Hasta siempre Guayo

descripción de la imagen

Por

29 mayo 2013

Eran los terribles Ochenta. Pleno orgasmo de la guerra fría. No había medias tintas. Cero arcoíris. Tiempos de locura contagiosa. Paroxismo de las ideologías. Guerra y muerte. Tenía seis años ya de andar por los cerros y veredas de Morazán, huérfano de cines, estadios, semáforos y teléfonos. Sólo helicópteros y artillería al otro lado del río. Y allí estaba esa columna de Guayo Molina, en un periódico que quién sabe cómo había ido a parar al campamento. Era como un vasito de agua fresca en el medio del desierto.

Comencé a leerla y a morirme de la risa. Por unos minutos me olvidé del entorno de pólvora y a pasarla bien. Aquel escrito breve, afilado e ingenioso me transportó al café de los poetas en el centro de la ciudad. Era como estar allí conversando con el autor. Y la verdad es que nunca antes había leído a Guayo Molina, pero ya tenía noticias de él. Era toda una leyenda en el mundo de los publicistas y poetas de los años Setenta.

Y es que en aquellos tiempos, cuando no había Internet, ni licenciaturas en publicidad, la creatividad de muchas de las grandes campañas estaba a cargo de los poetas. Así que después de escribir versos estremecedores sobre revoluciones anheladas y amores imposibles, a los colegas de Rubén Darío les tocaba ingeniar frases como "Hay una gran cocinera en usted… descúbrala con margarina tal y cual".

Guayo no era poeta. Al menos nunca leí algún poema escrito por él aunque es probable, dada su gran sensibilidad, que haya intentado algún soneto. Había estudiado sicología, pero el talento para captar lo más profundo de las personas lo traía en la sangre. Era fama en los cafés de los poetas que Guayo fue el creador de una de las más famosas frases en la historia de la publicidad salvadoreña: "algo tenemos en común", de cigarrillos Delta.

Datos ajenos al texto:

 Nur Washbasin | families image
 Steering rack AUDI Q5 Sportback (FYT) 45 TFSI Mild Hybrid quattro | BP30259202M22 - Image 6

Y allí estaba yo aquella mañana en las estribaciones de un cerro leyendo una columna de Guayo sobre cómo limpiarme los mocos sin provocar ninguna tragedia. Y las instrucciones me eran dadas con la seriedad de quien enseña cómo armar y desarmar un fusil AK-47. Recorté la columna y allí la anduve en la mochila, como un amuleto contra el miedo y el tedio, hasta que un torrencial aguacero deshizo el papel.

A veces, en las noches de posta, bajo la luna llena y las estrellas de Morazán, me ponía a fantasear sobre los lugares y las personas que me gustaría conocer una vez que la guerra terminara. Aquel juego era como un mecanismo para espantar la posibilidad de la muerte. Era como para afirmarme a mí mismo "no te preocupés, todo va a salir bien, vivirás". Y en esa lista estaba Guayo Molina.

Tengo que salir vivo de esto para escuchar jazz en un club de Nueva York, caminar por el barrio latino de París, ver un partido de un mundial de fútbol, encontrarme otra vez con los poetas del Bella Nápoles y para conocer y echarme un café con Guayo Molina.

Después de casi una década y de un millón de peripecias salí del monte con unas ganas de tomar la vida a guacaladas. Fue entonces cuando conocí a Guayo en persona. Allí estaba en la barra del bar de "El Viejo", tomando una copa de vino tinto. Lo saludé y le conté la anécdota de la columna leída en plena guerra.

Minutos después estábamos en una mesa, compartiendo anécdotas, muertos de la risa. Era 1992. Primer año de la paz. Era mi celebración particular con uno de los más grandes humoristas salvadoreños. Nos hicimos amigos. Precisamente una de las mejores entrevistas que hice en mis tiempos de radio, fue a él. Los teléfonos en cabina colapsaron ese día.

A Guayo, creo, no le importó tu fusil ni el cañón de tu enemigo. Y no es que no se haya enterado que hay cosas malas en el mundo, como los ladrones, los tiranos, las sectas ideológicas, los buseros y un largo etcétera. A Guayo le dolía en el alma los niños sin pan y los días tormentosos, pero él andaba siempre su propio sol, su jardín, su humor y sus ganas de vivir que no se le quitan ni muriendo. Hasta siempre amigo.